En eski semavi din Yahudiliktir, onu ırkçılığa dönüştüren Siyonizm bu durum karşısında kuduruyor.
Siyonizm görüyor ki, İsrail’in nüfusu kadar batıda ebeveyni Müslüman olmayan, İslam’ı seçen insanlar var.
Kuran üzerinden akıl yürütmeyi bırakan, sözüm ona dinine ve diyanetine inandığımız bir takım aydınlar, son günlerde ümmetin bu dirayetini aşırı görüp, gazını almakla uğraşıyorlar.
İçinde bulunduğumuz bu kritik süreçte, ülkemizdeki bazı sözümona dindarlar, insanları ırk, din, mezhep bakımından ayrıştırma gayreti içindeler, bunlara ne demeli?
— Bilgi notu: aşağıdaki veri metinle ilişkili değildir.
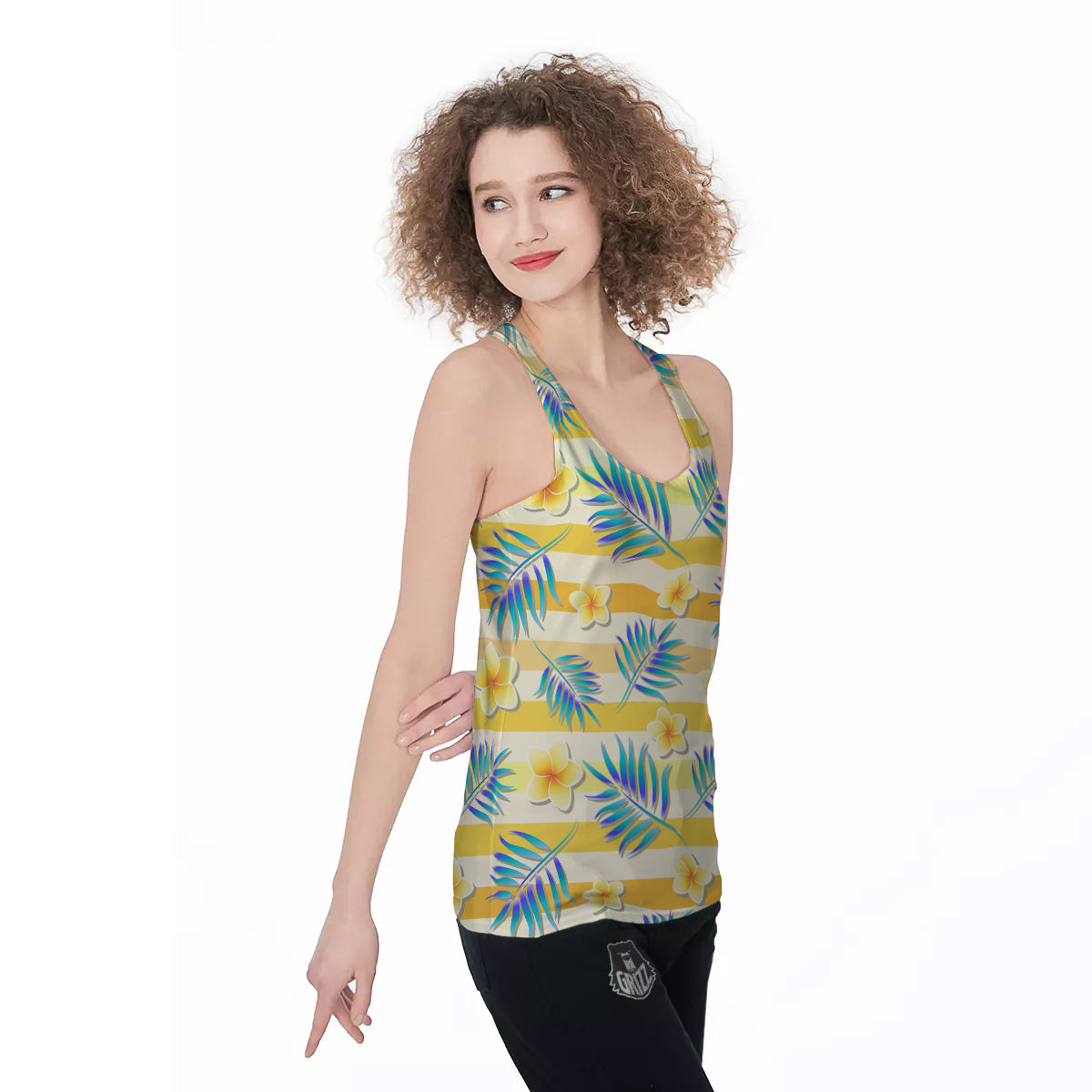 Frangipani Yellow Print Pattern Women's Racerback Tank Top-grizzshop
Bu Kuran mantığı mıdır?
Kuran küffara karşı şiddetli olun diyor
Kuran diyor ki; “Kafirlere karşı şiddetli, Müminlere karşı merhametli ve alçak gönüllü olun.” Hal böyleyken dinime küfredene karşı kimse mütevazı olun diyemez. Düşman sizden şiddetli dirayet görmeli, mütevazılık değil.
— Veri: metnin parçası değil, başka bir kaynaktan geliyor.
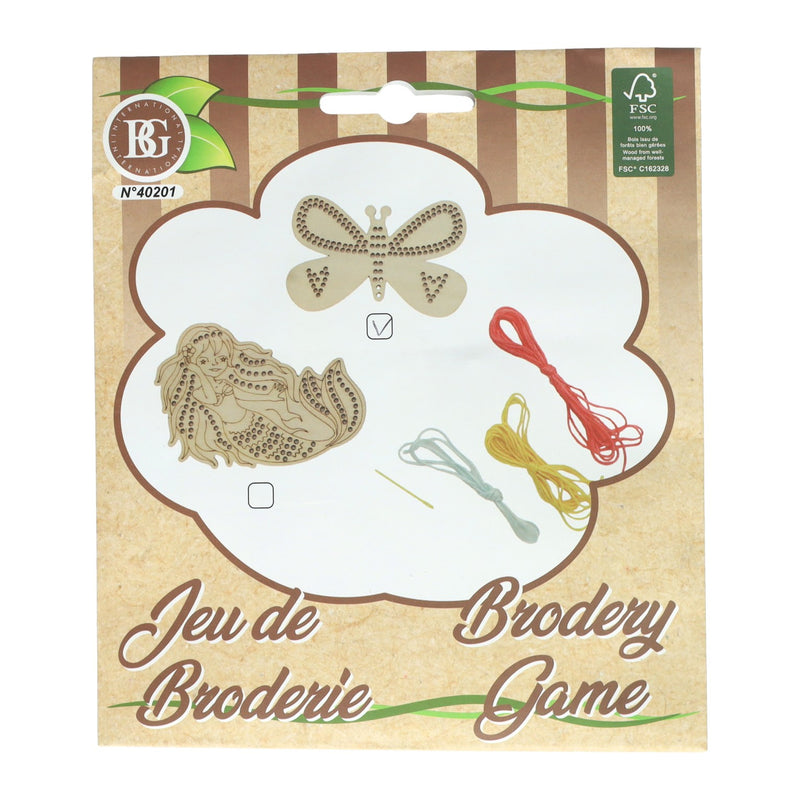 Load image into Gallery viewer, Borduursetje hout - incl. 3 kleuren garen en naald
Ağzımıza bir şeyler çalarak, sırtımızı sıvazlayarak susmamızı, boyun eğmemizi bekleme umudu içine girmemeli. Böyle bir ortamda onlara söz söylemekten imtina eden sözde dindar, aydın çıkıp diyor ki; "Efendim Şii-Sünni en temel noktalarda derin ayrılık içerisinde!"
Peki, hangi temelde derin ayrılık içerisindeler?
En temel şeyler nedir, Tevhid, Nubuvvet, Mead, Kıble, Kuran. Bunlarda Şii- Sünni bir değil midir? Peki, sen hangi temelde derin ayrılıktan söz ediyorsun? Sen kime hizmet ediyorsun?" diye soran Türkiye Caferileri Lideri Selahattin Özgündüz, İran üzerinden Türkiye Caferilerine yönelik yalan yanlış sözler söyleyenlere de sert çıktı.
"Bir defa biz İran’ın uzantısı da değiliz, sözcüsü de değiliz. Efendim İran’da Sünnilere baskı varmış, camileri yokmuş. İran’da Sünni Müslümanların her kentte camisi de, medresesi de, fakültesi de var.
Yargılamada bile kendi içtihatlarına göre yargılanıyorlar. Parlamentoda temsilcileri var. Aksine bilgisi olan varsa beri gelsin.
Kaldı ki bu ülkeyi Türk yurdu yapan, İslam yurdu yapan anlayış, buranın asli sahipleridir. İşal fikirlerin mümessili olanların bu ülkenin sahibi olduğunu mu ima etmeye çalışıyorsun?
İşal olan ne kadar fikir ve anlayış varsa atalım, ben buna hazırım. Ülkemde ki Caferi camilerinin çoğunluğu İran İslam inkılâbından önce yapılmıştır. Metropollerde ise kendi emeğimiz ve kendi paramızla yapmışız. Sen ne demek istiyorsun?
Ben diyorum ki, Şii- Alevi-Sünni ve diğer azınlıklar bu ülkede yaşayan ve vatandaşlık görevi yapan herkes bu ülkenin sahibidir. Allah bu güzel ülkemizi, dini, mezhebi, etnik olarak bölen CİA- Mossad ajanlarının şerrinden korusun." diye konuştu.